As interesting as this conjoined-twin separation may be, the doctor performing the surgery is more so. The Advanced Technology Investment Company (ATIC) was created by the government of Abu Dhabi who acquired a lot of the United States wealth via oil. In a limited way some of that money is coming home, though ATIC will invest heavily in updating Foundry fabs in Dresden. ATIC also assumes a large hunk of AMD debt, leaving leaner the design half of the company — a mere $1.7 billion in debt as opposed to their current $3.6 billion load. Part of that debt reduction is due to direct investment in AMD by Mubadala Development, another Dhabi outfit.

All AMD had to do was surrender majority control of The Foundry.

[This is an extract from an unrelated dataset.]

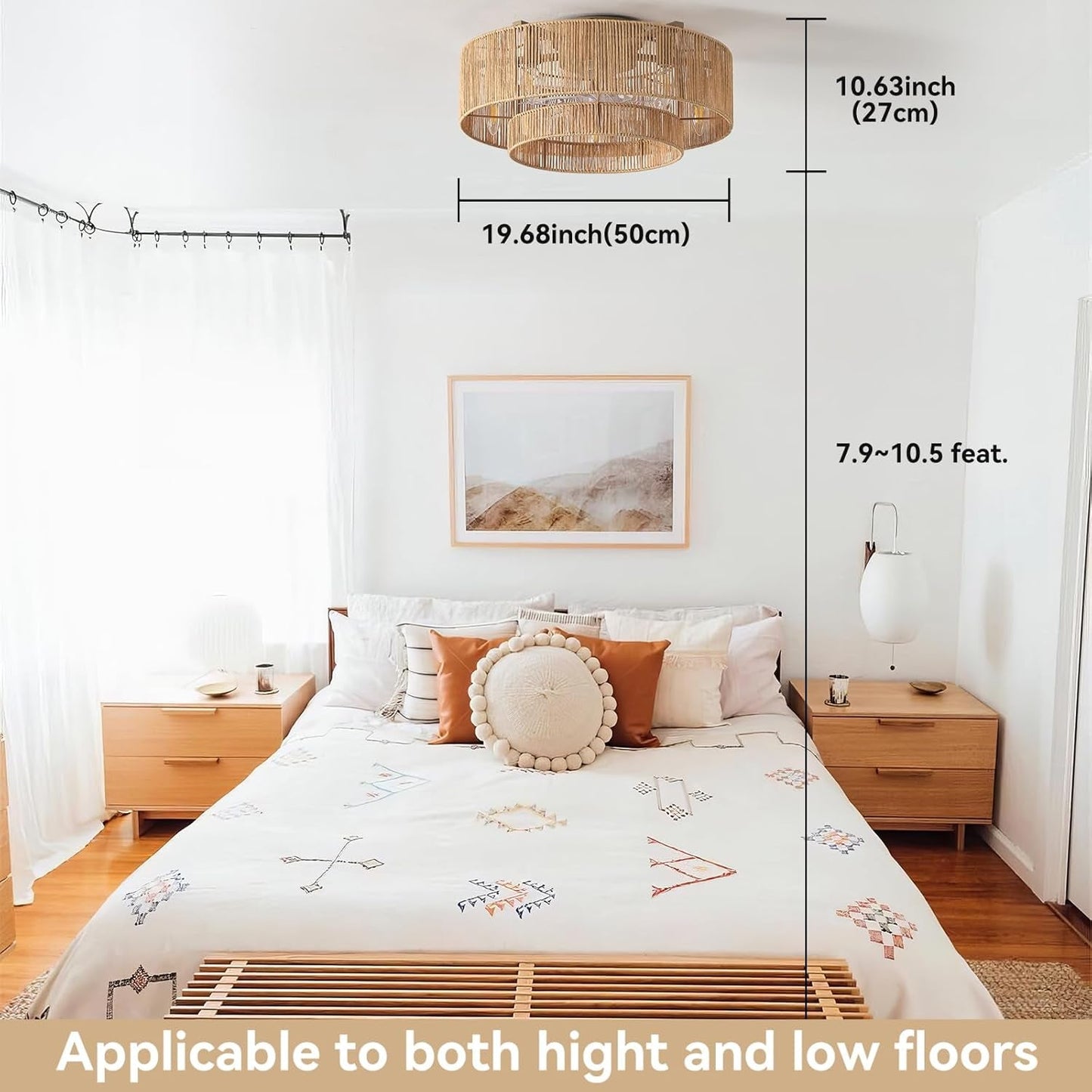 20 Inch Rattan Boho Ceiling Fan With Integrated LED Light-2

ATIC will have 55.6% of The Foundry.

From a management perspective, this may have been both unavoidable as well as a success factor. Manufacturing chips is a moneyed business. Chip fabs ain’t cheep and operational costs are significant. With margins on chips small and shrinking, the manufacturing side of AMD was more of a drain that a profit center. Being a chip designer without the drag created from manufacturing may give AMD enviable freedom to innovate.

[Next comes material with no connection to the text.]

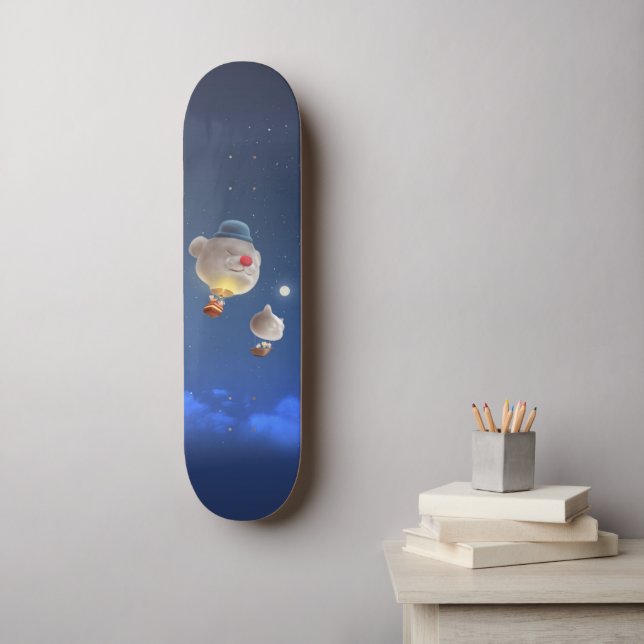 Night Sky Balloon Adventure Skateboard (Wandkunst)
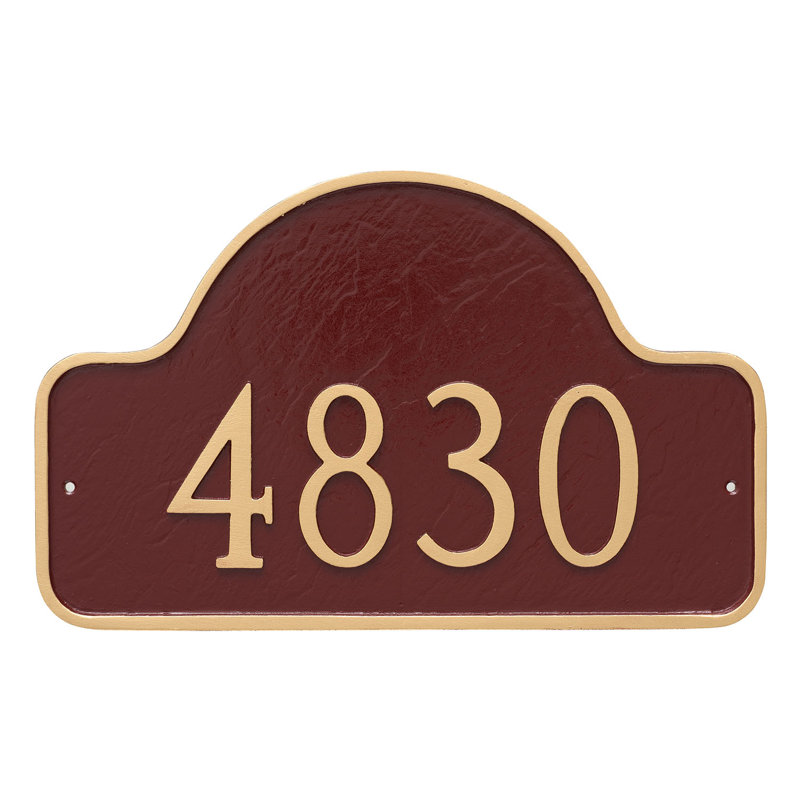 Plaque d’adresse murale sur 1 ligne lexington, Vert forêt / doré, Oui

Like they did with Opteron.

Let us not forget that Opteron changed the entire chip market. I was consulting to SuSE Linux at the time, and SuSE was a day-one partner with AMD, having pre-ported Linux to Opteron. So was Microsoft who blessed AMD’s 64-bit instruction set, leaving a bewildered Intel and HP crying in their Itainium brand beer. To compete with AMD, Intel eventually had to license AMD’s 64-bit instruction set, a pleasant new revenue stream for AMD.

I won’t predict that AMD will again revolutionize the CPU business, but I can’t help but believe that shedding their manufacturing side will make them more agile.

The marketing lesson today? Only that doing what you do well and not being distracted by other “opportunities” is important. AMD once knew how to challenge the market status quo and may soon do it again.